In addition, and in the initial absence of larger-scale hydrogen transport and storage infrastructure, blending may also have value in enabling electrolytic hydrogen producers to support the wider energy system using excess renewable electricity that would otherwise have been curtailed.

Launching the consultation, Lord Callanan, Minister for Energy Efficiency and Green Finance, said the intent is to capture the full economic potential that comes with using hydrogen as a cleaner, reliable energy source.

“Blending hydrogen into our gas supply – through existing gas infrastructure – would open the doors to an expansion of its use as a fuel, one which could help us cut emissions and stabilise bills for families and businesses.”

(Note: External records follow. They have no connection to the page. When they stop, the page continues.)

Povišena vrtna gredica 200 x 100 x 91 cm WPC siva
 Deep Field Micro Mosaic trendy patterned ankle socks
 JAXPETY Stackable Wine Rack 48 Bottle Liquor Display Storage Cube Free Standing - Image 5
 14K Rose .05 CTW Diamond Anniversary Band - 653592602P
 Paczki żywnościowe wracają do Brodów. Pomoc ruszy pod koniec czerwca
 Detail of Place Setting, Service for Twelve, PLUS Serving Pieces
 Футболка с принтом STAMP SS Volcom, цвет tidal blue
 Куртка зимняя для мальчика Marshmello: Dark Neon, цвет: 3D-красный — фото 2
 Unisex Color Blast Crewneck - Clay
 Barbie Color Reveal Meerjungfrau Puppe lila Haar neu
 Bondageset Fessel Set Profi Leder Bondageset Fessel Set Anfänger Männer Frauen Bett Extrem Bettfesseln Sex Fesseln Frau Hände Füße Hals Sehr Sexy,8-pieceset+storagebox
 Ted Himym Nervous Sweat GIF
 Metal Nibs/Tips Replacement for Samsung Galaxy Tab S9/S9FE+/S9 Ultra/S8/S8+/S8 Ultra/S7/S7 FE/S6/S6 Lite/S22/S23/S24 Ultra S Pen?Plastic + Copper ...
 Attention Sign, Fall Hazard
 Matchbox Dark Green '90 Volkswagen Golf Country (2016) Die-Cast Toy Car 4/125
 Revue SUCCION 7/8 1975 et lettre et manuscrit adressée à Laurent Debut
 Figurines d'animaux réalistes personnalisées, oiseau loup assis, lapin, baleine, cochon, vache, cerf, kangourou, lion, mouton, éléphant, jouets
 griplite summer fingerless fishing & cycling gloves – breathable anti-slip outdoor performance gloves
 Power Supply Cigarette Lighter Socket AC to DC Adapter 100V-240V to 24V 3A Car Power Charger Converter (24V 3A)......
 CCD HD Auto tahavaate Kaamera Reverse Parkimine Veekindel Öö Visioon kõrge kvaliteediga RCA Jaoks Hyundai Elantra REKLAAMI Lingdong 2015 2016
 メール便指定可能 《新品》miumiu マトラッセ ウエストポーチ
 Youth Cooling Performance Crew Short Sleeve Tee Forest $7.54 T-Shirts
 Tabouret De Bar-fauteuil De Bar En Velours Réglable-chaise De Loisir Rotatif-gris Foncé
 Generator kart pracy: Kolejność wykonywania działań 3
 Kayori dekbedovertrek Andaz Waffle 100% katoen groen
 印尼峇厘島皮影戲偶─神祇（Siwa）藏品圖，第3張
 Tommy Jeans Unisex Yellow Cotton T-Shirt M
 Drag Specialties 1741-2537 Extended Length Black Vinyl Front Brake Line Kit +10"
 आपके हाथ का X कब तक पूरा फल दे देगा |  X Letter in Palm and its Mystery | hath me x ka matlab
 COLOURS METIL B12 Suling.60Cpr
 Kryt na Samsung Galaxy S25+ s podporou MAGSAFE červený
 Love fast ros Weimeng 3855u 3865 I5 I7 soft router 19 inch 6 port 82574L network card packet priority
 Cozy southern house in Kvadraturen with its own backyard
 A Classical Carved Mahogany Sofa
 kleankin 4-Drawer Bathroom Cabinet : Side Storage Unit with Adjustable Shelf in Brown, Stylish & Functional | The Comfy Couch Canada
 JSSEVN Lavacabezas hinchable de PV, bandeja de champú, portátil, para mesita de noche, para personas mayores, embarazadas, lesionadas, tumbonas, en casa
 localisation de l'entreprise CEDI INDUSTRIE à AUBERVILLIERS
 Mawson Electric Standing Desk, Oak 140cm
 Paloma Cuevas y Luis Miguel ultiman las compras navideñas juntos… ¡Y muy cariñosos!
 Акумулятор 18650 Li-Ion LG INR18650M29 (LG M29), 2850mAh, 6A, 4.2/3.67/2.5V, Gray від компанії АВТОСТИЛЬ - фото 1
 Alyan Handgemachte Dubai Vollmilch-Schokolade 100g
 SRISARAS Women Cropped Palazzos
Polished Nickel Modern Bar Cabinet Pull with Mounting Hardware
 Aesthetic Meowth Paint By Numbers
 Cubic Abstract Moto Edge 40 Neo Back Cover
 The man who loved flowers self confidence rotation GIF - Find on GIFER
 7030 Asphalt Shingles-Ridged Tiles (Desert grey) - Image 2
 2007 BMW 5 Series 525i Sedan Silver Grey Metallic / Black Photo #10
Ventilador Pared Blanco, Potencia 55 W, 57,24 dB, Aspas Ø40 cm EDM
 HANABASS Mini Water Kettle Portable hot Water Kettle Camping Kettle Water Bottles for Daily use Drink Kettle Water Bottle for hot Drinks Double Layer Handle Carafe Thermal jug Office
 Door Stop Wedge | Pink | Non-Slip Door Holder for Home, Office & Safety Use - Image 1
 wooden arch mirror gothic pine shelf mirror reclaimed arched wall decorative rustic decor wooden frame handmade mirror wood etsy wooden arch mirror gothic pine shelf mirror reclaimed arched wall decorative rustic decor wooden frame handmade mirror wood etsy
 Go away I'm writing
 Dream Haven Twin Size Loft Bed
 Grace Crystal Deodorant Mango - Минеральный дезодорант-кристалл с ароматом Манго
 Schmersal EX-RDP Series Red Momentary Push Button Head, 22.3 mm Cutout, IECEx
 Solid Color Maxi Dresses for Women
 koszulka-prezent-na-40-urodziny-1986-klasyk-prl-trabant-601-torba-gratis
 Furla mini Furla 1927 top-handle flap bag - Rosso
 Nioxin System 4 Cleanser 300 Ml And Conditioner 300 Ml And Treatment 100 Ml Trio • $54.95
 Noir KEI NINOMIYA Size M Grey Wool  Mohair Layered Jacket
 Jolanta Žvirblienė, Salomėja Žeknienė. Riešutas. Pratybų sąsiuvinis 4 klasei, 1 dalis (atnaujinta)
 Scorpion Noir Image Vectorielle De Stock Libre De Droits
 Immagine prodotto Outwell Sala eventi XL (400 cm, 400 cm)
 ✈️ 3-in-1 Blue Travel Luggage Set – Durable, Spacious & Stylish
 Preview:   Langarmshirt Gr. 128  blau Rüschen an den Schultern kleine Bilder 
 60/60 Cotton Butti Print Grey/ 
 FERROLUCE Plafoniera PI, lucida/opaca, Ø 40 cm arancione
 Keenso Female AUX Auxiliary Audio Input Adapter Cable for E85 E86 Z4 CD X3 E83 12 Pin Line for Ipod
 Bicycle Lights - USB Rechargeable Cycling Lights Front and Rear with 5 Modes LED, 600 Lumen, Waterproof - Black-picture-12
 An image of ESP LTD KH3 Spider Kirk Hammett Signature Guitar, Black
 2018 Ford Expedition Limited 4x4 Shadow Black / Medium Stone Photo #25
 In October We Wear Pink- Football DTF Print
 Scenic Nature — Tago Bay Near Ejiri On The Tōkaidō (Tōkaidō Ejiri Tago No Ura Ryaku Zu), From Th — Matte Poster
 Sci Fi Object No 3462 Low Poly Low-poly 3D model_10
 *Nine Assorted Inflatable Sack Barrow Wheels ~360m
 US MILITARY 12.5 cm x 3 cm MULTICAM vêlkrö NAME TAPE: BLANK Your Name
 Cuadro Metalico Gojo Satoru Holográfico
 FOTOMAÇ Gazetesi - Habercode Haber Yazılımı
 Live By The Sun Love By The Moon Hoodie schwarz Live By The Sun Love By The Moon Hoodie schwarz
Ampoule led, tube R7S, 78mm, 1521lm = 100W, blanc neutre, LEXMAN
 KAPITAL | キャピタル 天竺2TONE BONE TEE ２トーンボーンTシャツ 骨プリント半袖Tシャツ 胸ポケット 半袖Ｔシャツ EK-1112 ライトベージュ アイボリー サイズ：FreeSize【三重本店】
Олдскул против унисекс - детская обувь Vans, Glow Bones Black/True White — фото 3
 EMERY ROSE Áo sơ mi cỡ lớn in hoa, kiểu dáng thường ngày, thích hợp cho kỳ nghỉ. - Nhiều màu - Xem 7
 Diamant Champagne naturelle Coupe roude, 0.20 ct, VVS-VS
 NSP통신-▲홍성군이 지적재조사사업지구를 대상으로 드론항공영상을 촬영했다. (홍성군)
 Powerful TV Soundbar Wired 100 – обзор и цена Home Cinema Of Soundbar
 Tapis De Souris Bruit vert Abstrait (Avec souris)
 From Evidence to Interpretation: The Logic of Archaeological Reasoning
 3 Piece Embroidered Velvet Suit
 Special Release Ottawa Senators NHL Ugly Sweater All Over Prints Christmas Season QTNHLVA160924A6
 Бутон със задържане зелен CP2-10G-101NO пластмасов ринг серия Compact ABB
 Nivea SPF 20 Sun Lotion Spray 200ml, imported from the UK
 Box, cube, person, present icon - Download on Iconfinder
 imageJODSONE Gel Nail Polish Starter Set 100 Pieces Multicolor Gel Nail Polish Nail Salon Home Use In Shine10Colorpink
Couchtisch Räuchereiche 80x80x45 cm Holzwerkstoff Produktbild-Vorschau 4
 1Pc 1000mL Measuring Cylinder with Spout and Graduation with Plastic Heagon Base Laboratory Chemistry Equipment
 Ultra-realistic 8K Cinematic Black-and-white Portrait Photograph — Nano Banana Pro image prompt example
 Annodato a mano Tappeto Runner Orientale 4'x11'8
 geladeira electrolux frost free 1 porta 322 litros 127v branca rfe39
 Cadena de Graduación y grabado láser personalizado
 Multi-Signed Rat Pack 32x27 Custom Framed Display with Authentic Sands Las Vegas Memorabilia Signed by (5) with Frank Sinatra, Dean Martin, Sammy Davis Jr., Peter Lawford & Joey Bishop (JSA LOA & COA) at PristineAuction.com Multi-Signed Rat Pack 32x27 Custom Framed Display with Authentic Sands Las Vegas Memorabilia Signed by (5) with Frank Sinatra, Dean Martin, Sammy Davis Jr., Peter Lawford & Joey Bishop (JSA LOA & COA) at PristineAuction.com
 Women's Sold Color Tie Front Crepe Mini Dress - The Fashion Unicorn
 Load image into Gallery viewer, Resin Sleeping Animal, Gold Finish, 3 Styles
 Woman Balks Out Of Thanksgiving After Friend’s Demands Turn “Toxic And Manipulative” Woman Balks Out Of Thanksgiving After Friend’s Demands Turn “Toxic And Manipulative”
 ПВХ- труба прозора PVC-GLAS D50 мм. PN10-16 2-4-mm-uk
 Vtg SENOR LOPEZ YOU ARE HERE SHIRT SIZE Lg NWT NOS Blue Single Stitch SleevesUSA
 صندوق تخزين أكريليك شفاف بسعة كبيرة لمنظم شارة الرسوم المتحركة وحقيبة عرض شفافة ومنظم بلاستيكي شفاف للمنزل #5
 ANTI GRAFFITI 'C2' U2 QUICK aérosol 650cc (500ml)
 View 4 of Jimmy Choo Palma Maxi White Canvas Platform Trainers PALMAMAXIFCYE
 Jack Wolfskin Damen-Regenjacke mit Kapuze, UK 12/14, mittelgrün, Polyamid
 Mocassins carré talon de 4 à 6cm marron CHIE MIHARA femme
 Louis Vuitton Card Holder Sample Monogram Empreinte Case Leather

The government states in the consultation that blending 20% hydrogen by volume into the gas distribution networks could generate carbon savings of up to 6-7% on consumption of that gas, although the primary strategic role of blending is not to decarbonise the existing gas network.

In the consultation, the preferred commercial support option is to incorporate blending as an eligible offtaker into the ‘Hydrogen Production Business Model’, which is based on a ‘contracts for difference’ style framework.

It also is proposed that both the gas distribution network operators and gas shippers should be able to purchase hydrogen produced for blending, with shippers also able to sell the hydrogen as they currently do for gas.

Other elements of the consultation cover technical delivery models and billing arrangements and includes an economic analysis, which estimates that the blending infrastructure costs are of the order of 2.4-2.9% of the estimated costs of producing, transporting and storing the total hydrogen volumes in the range of the proposed production volumes.

Based on this analysis, blending could offer value for money compared to the counterfactual, where the counterfactual is producing hydrogen but not allowing any volumes to be blended, the government suggests.

The consultation runs until October 27.